Records supplied.

------------------------------------------------------------

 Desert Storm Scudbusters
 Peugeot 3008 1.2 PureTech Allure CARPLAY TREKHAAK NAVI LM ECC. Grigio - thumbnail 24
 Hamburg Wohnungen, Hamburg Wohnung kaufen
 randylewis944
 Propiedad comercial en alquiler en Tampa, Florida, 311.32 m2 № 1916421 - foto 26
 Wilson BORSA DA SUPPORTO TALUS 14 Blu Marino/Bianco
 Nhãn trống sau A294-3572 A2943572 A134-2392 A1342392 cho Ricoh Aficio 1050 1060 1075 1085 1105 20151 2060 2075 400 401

------------------------------------------------------------

To do. The records above should be returned exactly.

Exercise result.
 Desert Storm Scudbusters
 Peugeot 3008 1.2 PureTech Allure CARPLAY TREKHAAK NAVI LM ECC. Grigio - thumbnail 24
 Hamburg Wohnungen, Hamburg Wohnung kaufen
 randylewis944
 Propiedad comercial en alquiler en Tampa, Florida, 311.32 m2 № 1916421 - foto 26
 Wilson BORSA DA SUPPORTO TALUS 14 Blu Marino/Bianco
 Nhãn trống sau A294-3572 A2943572 A134-2392 A1342392 cho Ricoh Aficio 1050 1060 1075 1085 1105 20151 2060 2075 400 401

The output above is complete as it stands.